Gotchas & Edge Cases

  • Z suffix vs. explicit offset. Pydantic parses a trailing Z in eventTime as UTC, but the eventTimeZoneOffset field is a separate string the sender must also populate correctly — the cross-field model_validator in Step 1 exists precisely because these two can silently disagree.
  • Leading zeros in the SGTIN prefix. Treat parse_sgtin’s captured groups as strings throughout. Casting the company prefix or item reference to int strips leading zeros and corrupts the GTIN (01) a partner expects to see reconstructed byte-for-byte.
  • Literal["ADD", "OBSERVE", "DELETE"] is case-sensitive. Some partner systems send lowercase actions; decide explicitly whether to normalize case in a field_validator before the Literal check runs, rather than let a case mismatch silently 422 every event from one partner.

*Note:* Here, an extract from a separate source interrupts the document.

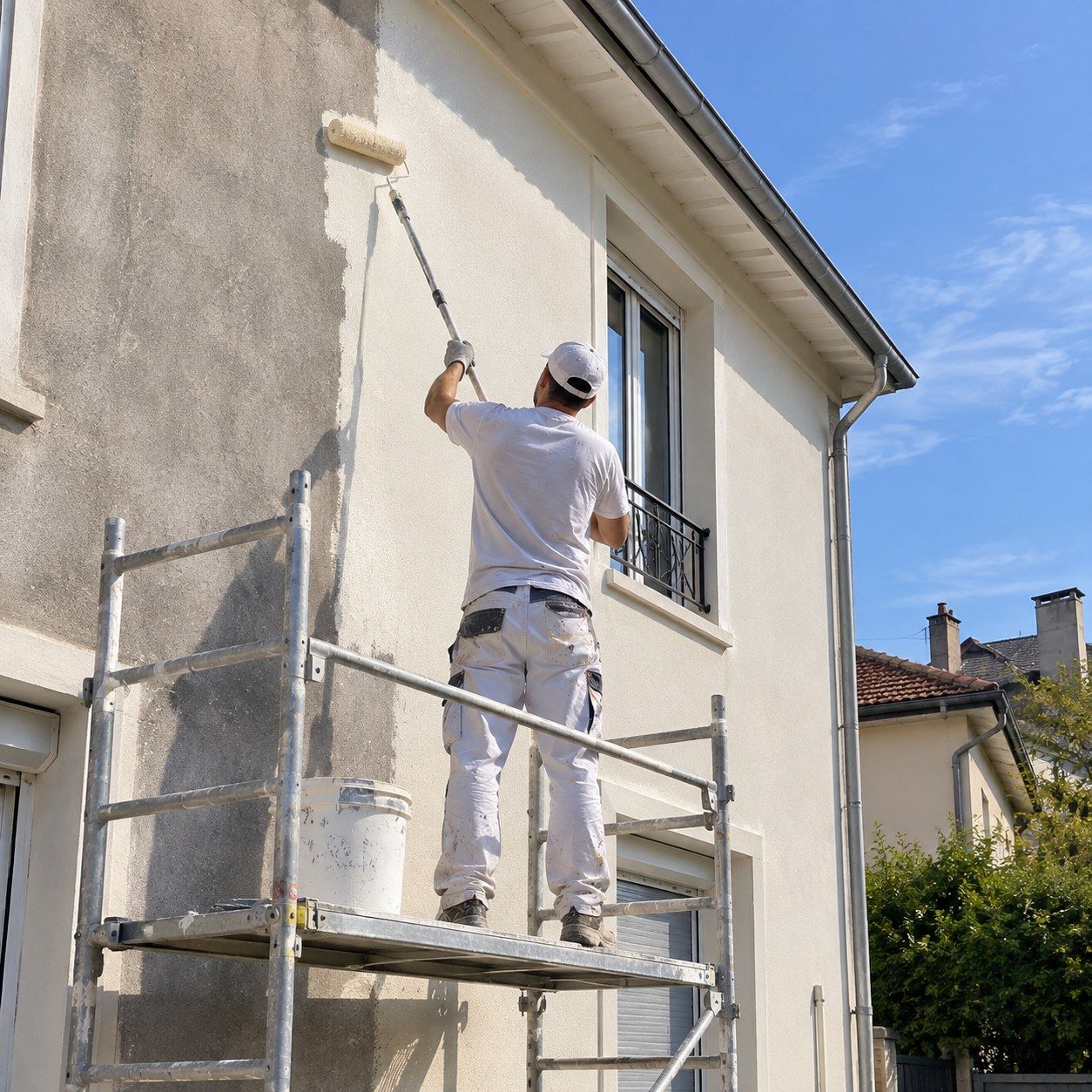 Peinture Saint-Gaudens en intervention à Saint-Gaudens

  • Discriminator field absent or misspelled. If a payload omits type entirely, Pydantic raises a union-discriminator error rather than falling through to a default model — treat that as a hard schema-drift signal from the sender, not a bug in your validator.
  • TypeAdapter instances are not free to rebuild. Construct event_adapter = TypeAdapter(EPCISEvent) once at module scope; rebuilding it per event re-runs Pydantic’s core-schema compilation and measurably slows a high-throughput ingestion loop.